Versioning & branches of my FOSS

A version comes in the form of 1.0.1 or Major.Minor.Revision. My branches are all vMa.Mi like v0.1 or v0.2 & do not include revisions in their naming. Currently (May 6, 2022) all my software versions are managed through the major.minor branches & do not use git tags to manage revisions.

I plan to add git tags to manage revisions, but I'm not sure when.

Notice: This is an early draft of my versioning plans and details may change.

Branching

The main branch of any of my repos will be a versioned branch like v0.2 or v1.0. I do not use a main branch very often.

Pre 1.0

When any of my software is before major version 1 (ie v0.1, v0.2, v0.X), the next minor version is likely to include major breaking changes. Basically during this time, the software is alpha/beta & all bets are off. Breaking changes even MAY occur without changing the minor version, though this is much less likely.

1.0 & later

When my software is major version 1 or greater (ie v1.0, v1.1, v2.0), major breaking changes will only occur when the major version is bumped (going from v1.0 to v2.0).

Minor version changes (1.0 to 1.1) shouldn't introduce breaking changes. Minor version changes will bring new features, deprecations, and sometimes new internal implementations. Sometimes I'll add new features without bumping the minor version, which i think is bad practice but meh.
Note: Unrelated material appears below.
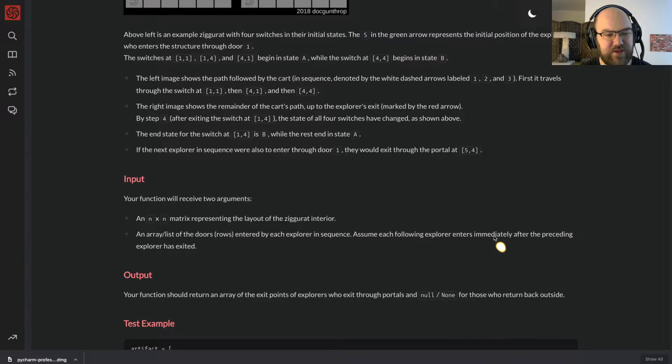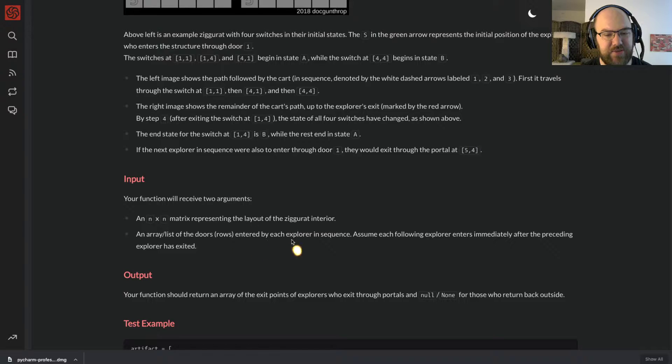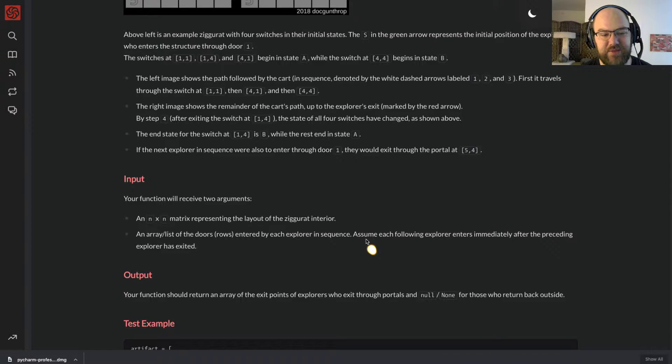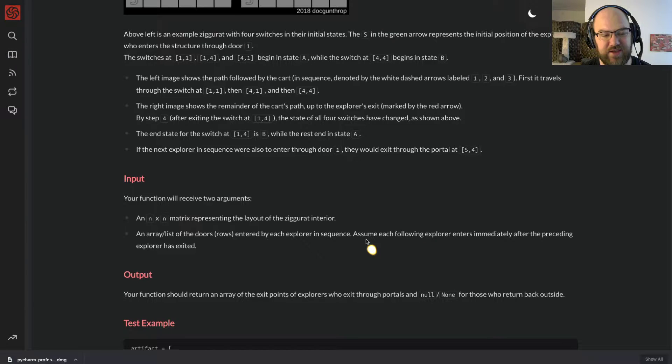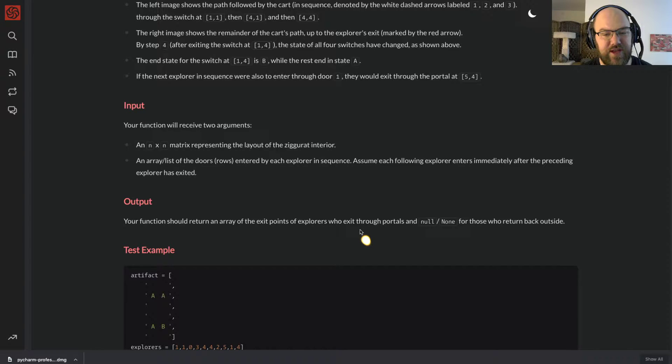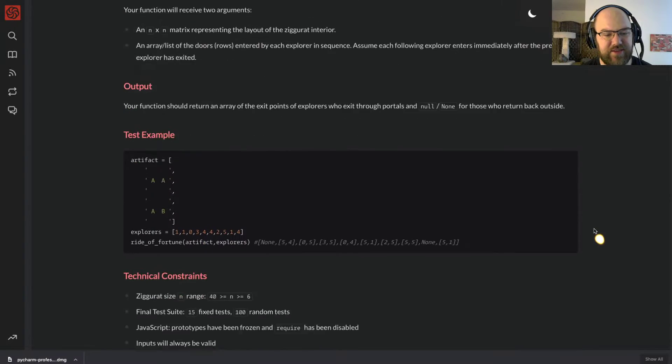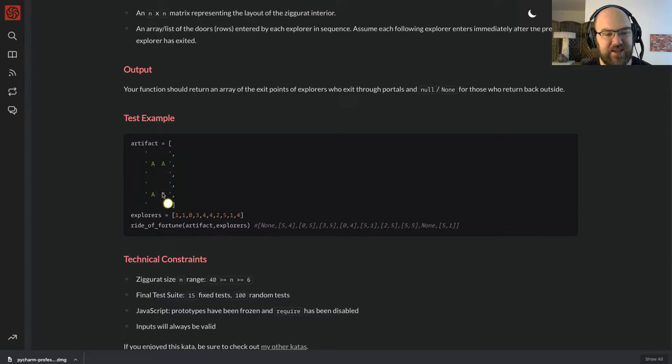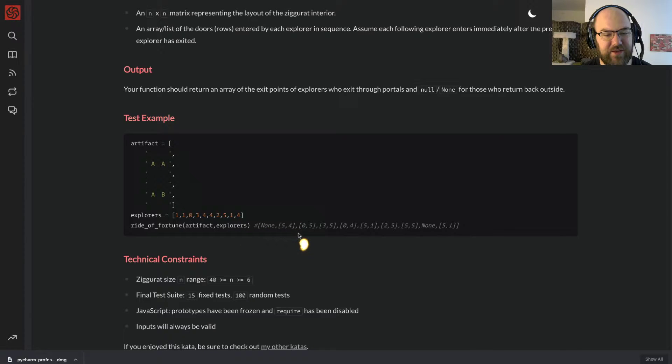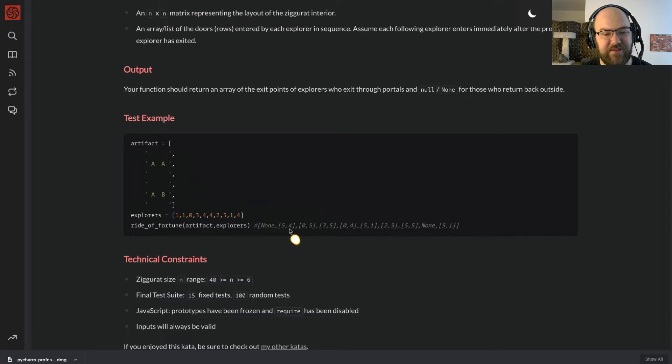Input: Your function will receive two arguments. An n-by-n matrix representing the layout of the ziggurat interior. An array slash list of doors, that is rows, entered by each explorer in sequence. Assume each following explorer enters immediately after the preceding explorer has exited. Your function should return an array of the exit points of the explorers who exited through the portals, and none slash null for those who returned back outside. Here's a test example. We've got switches A, A, A, and B at explorers 1, 1, 0, 3, and so on. And for the output, this guy leaves back through the west entrance, and this one goes to portal at 5,4, and then at 0,5, and so on.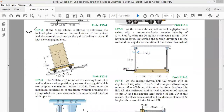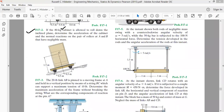Problem 17.2 states: if the 80 kg cabinet is allowed to roll down the inclined plane, determine the acceleration of the cabinet and the normal reactions on the pair of rollers A and B, which have negligible mass. A cabinet is like a wardrobe used for storing items. The cabinet is placed on a roller board and is rolling down an inclined plane with an angle of inclination of 15 degrees.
However, most my software uses public properties & public methods even for internal implementation that isn't INTENDED to be used by a regular user of the library. Sometimes these "internal" (but public) implementation changes will break things. Generally this is if you are using the software outside of its intendeded purposes.

New Branches / versions

When I make a new branch/version, i create the branch v0.5 or v1.0. but will leave the previous version as the default/main branch. So if the default branch is v0.4 and i make a new branch v0.5, then v0.5 will be entirely unstable until i set it as the default branch. And then sometimes, I'll put a notice that it is still yet to be stable / if it is under development.